A faithful transcription is wanted of the lines from the top of the material through the line that holds "1329 Peters Creek", both ends included, leaving out the pictures.

::::::::::

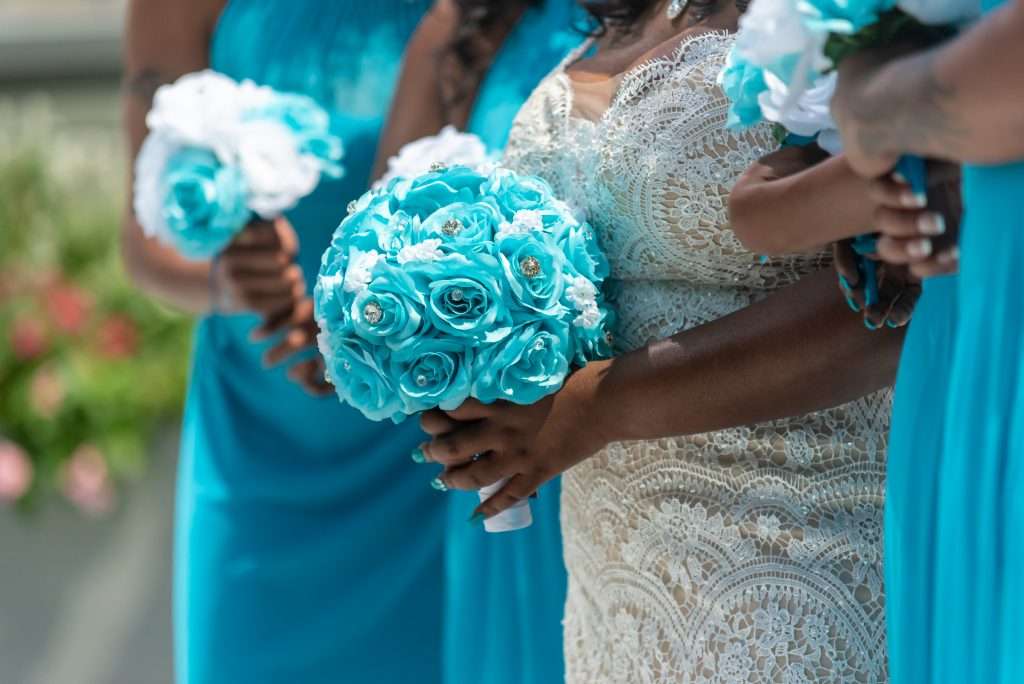 The Love Central - Closeup shot of the bride and her bridesmaids standing and holding bouquets no faces captured The Love Central -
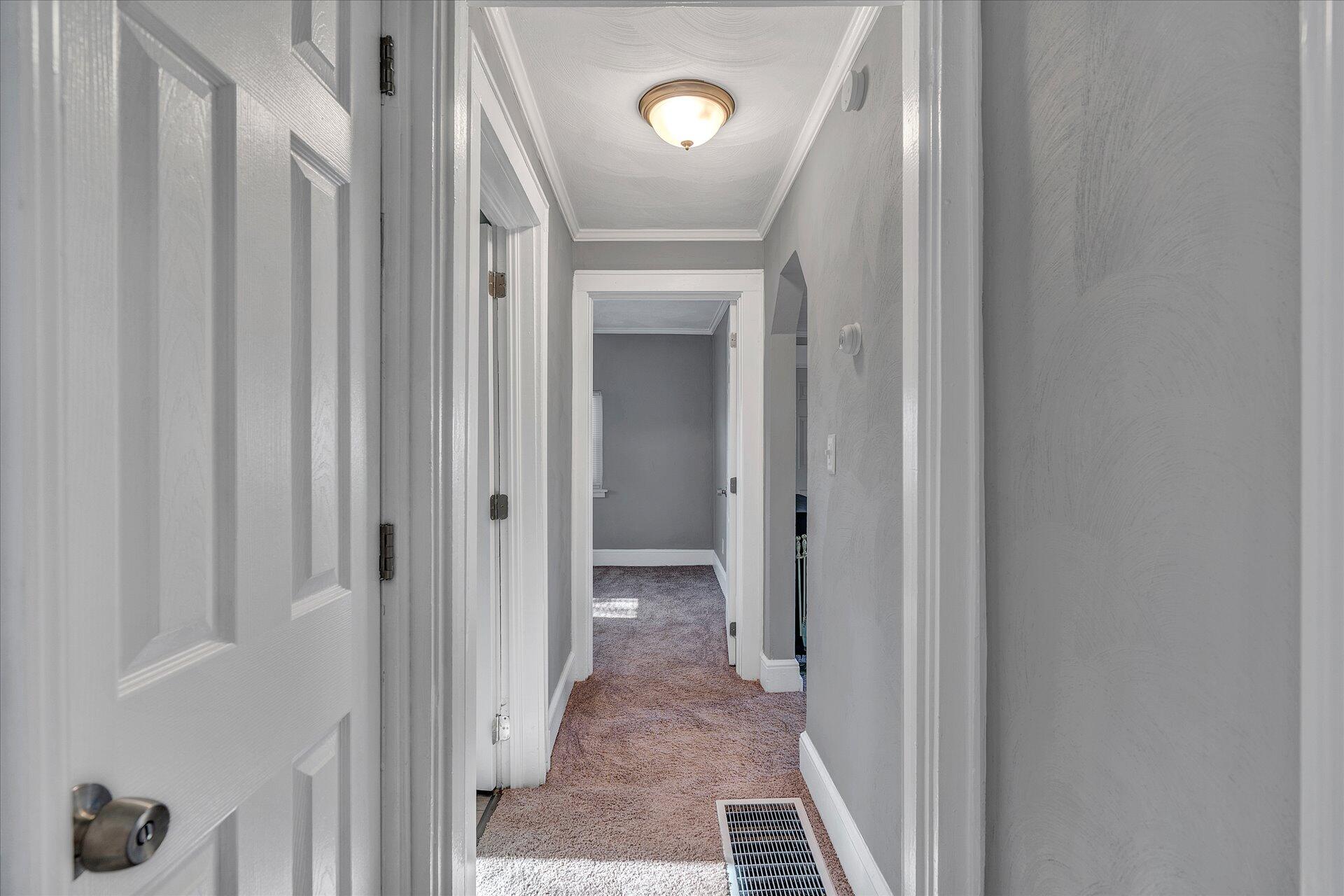 1329 Peters Creek Road Roanoke, VA 24017 - Photo 18 of 27 a view of a hallway with wooden floor and closet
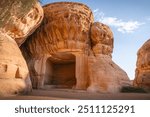 Sandstone tombs in the desert land of AlUla Medina Saudi Arabia in Hegra of UNESCO, World Heritage Site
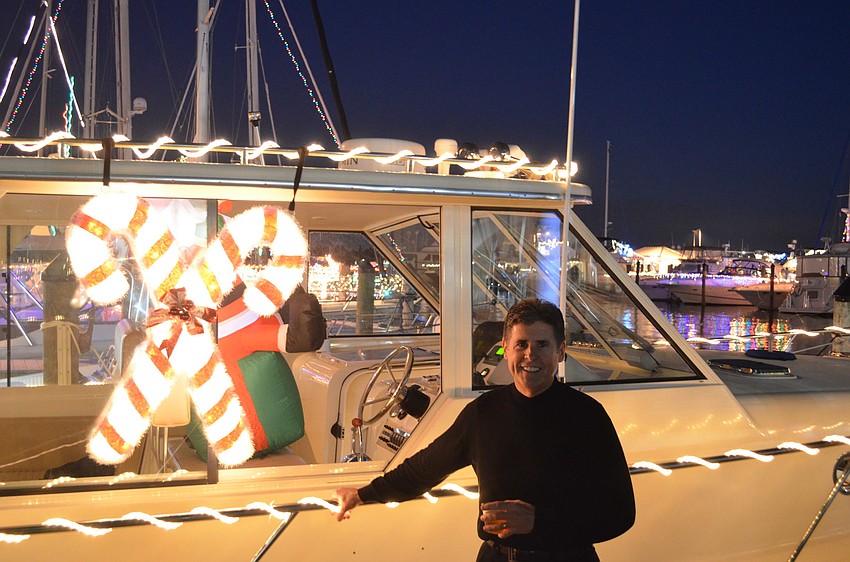 Greg Goebel stands next to his yacht Second Chance.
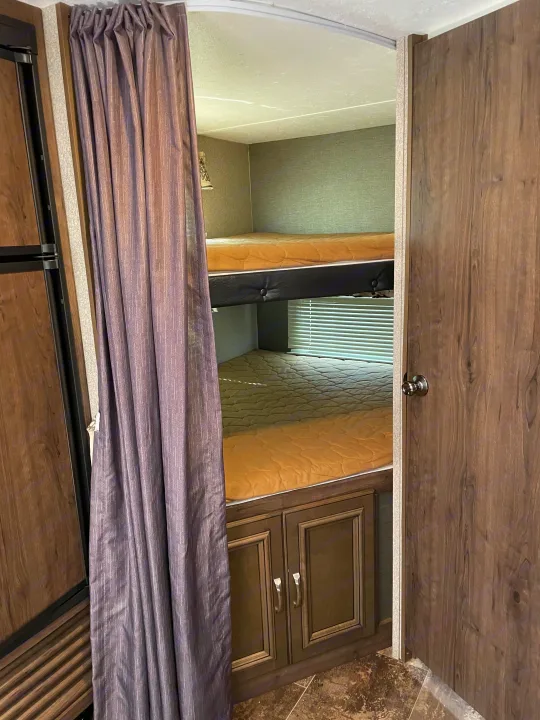 RV rental interior: two bunk beds with tan mattresses, a privacy curtain, storage cabinet, and window blinds.. Keystone Passport 2400BHWE 2018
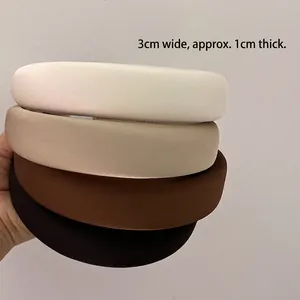 Lot de quatre serre-têtes en éponge de 3 cm de large en blanc, beige, marron et noir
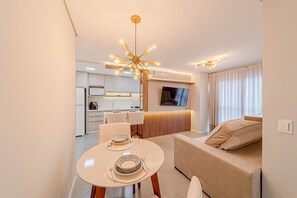 Ein modernes Wohnzimmer mit Essbereich, einer Couch, einem Fernseher und einer Küche im Hintergrund.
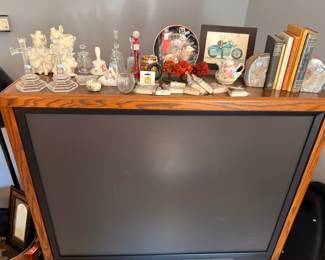 Flat screen TV on console, figurines, crystal glassware, collector plates, home decor lot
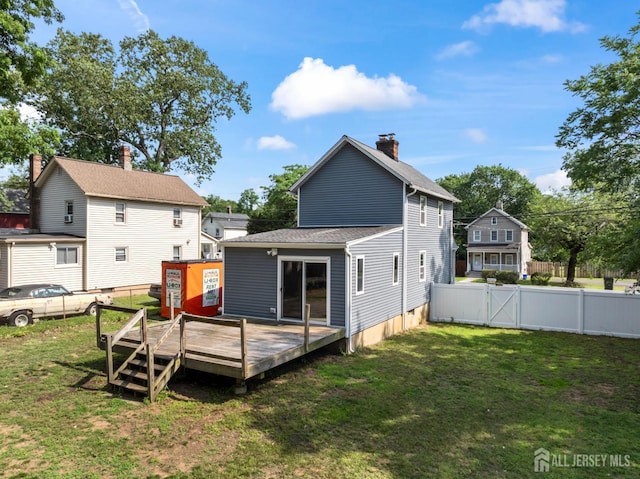 104 Old Matawan Rd, Old Bridge, NJ 08857 - back of property with a wooden deck and a gate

::::::::::

▸ **EXERCISE ANSWER**:
 The Love Central - Closeup shot of the bride and her bridesmaids standing and holding bouquets no faces captured The Love Central -
 1329 Peters Creek Road Roanoke, VA 24017 - Photo 18 of 27 a view of a hallway with wooden floor and closet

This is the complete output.